Review History


All reviews of published articles are made public. This includes manuscript files, peer review comments, author rebuttals and revised materials. Note: This was optional for articles submitted before 13 February 2023.

Peer reviewers are encouraged (but not required) to provide their names to the authors when submitting their peer review. If they agree to provide their name, then their personal profile page will reflect a public acknowledgment that they performed a review (even if the article is rejected). If the article is accepted, then reviewers who provided their name will be associated with the article itself.

View examples of open peer review.

Summary

  • The initial submission of this article was received on October 8th, 2020 and was peer-reviewed by 3 reviewers and the Academic Editor.
  • The Academic Editor made their initial decision on November 10th, 2020.
  • The first revision was submitted on February 7th, 2021 and was reviewed by 3 reviewers and the Academic Editor.
  • A further revision was submitted on April 2nd, 2021 and was reviewed by the Academic Editor.
  • The article was Accepted by the Academic Editor on April 3rd, 2021.

Version 0.3 (accepted)

· Apr 3, 2021 · Academic Editor

Accept

Dear Dr. Karimi and colleagues:

Thanks for revising your manuscript based on the concerns raised by the reviewers. I now believe that your manuscript is suitable for publication. Congratulations! I look forward to seeing this work in print, and I anticipate it being an important resource. Thanks again for choosing PeerJ to publish such important work.

Best,

-joe

[# PeerJ Staff Note - this decision was reviewed and approved by Paula Soares, a PeerJ Section Editor covering this Section #]

Version 0.2

· Feb 23, 2021 · Academic Editor

Minor Revisions

Dear Dr. Karimi and colleagues:

Thanks for revising your manuscript. The reviewers are very satisfied with your revision (as am I). Great! However, there are a few minor issues to address. Please address these ASAP so we may move towards acceptance of your work.

Best,

-joe

Reviewer 1 ·

Basic reporting

No new comment.

Experimental design

No new comment.

Validity of the findings

No new comment.

Additional comments

Thanks to the authors for addressing most of my comments. The manuscript is now clearer and richer. I have still one major comment and few minor comments.

Major comments:
- The authors evaluated the quality of the reconstructions by counting the number of orphan and dead end metabolites. They claim that "The lower these values the more connected a metabolic network is". I think that this statement is not always true. We can imagine a network with a lot of dead end (outputs of the network) and orphans (inputs) that contains a single connected component. On the contrary, a network with less dead ends and orphans can be divided into several connected components. I think that the number of connected components (and optimally, the distribution of their sizes and the size of the biggest component) should complete these indices. I think that these connected components should be computed by removing ubiquitous metabolites, such as ATP, water, etc... Furthermore, it's clear that the number of connected components will strongly affect the results of the Miscoto algorithm.



Minor comments:
l 111 : had -> had been (or has been ?)
l 129 : conversion to SBML already mentioned in the previous paragraph
l 190 : In terms of EC numbers, Prokka predicted more than the other pipelines -> I'm not sure that this sentence is grammatically correct.
Fig 2 : What do represent the grey polygones ? If the authors don't comment them, they sould remove them to make the figure clearer.
l 342 : With the new EC number comparative analysis, this statement is not completely true anymore.
l 355 : to reconstructed -> to reconstruct

Reviewer 2 ·

Basic reporting

NA

Experimental design

NA

Validity of the findings

NA

Additional comments

The revised manuscript addresses my comments and questions well and I think it is now ready to be published at Peer J.

Reviewer 3 ·

Basic reporting

See General Comments below.

Experimental design

See General Comments below.

Validity of the findings

See General Comments below.

Additional comments

The changes to the manuscript made by the authors addressed most of my comments. I feel the revision is a much more approachable version of the manuscript and more effectively communicated the results.

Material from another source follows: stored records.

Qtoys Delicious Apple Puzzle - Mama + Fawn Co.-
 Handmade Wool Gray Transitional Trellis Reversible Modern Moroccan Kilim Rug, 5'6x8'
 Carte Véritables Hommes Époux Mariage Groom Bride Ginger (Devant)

There is some proofreading required, but it is minor.

The manual curation of select reactions was a welcome addition. I was hoping for a more clear root-cause for the differences in the pipelines but it seems that it is elusive (no fault of the authors!).

The only thing I would have liked to have seen would been an adjustment of the pipeline parameters to a more stringent version. It is possible the pipelines converge on a largely consistent "core" reconstruction for reactions with high homology but the low homology content is highly affected by the underlying databases used by the different pipelines. In general, the e-value cutoff of 10e-5 or 10e-6 is very forgiving (in my experience of performing manual reconstructions) and will lead to many ambiguous reactions being added. The authors stated in their response that they "deliberately chosen to take the perspective of a standard user" but I would argue the standard user who came across this manuscript would greatly appreciate finding a study that performed some perturbation of the standard parameters.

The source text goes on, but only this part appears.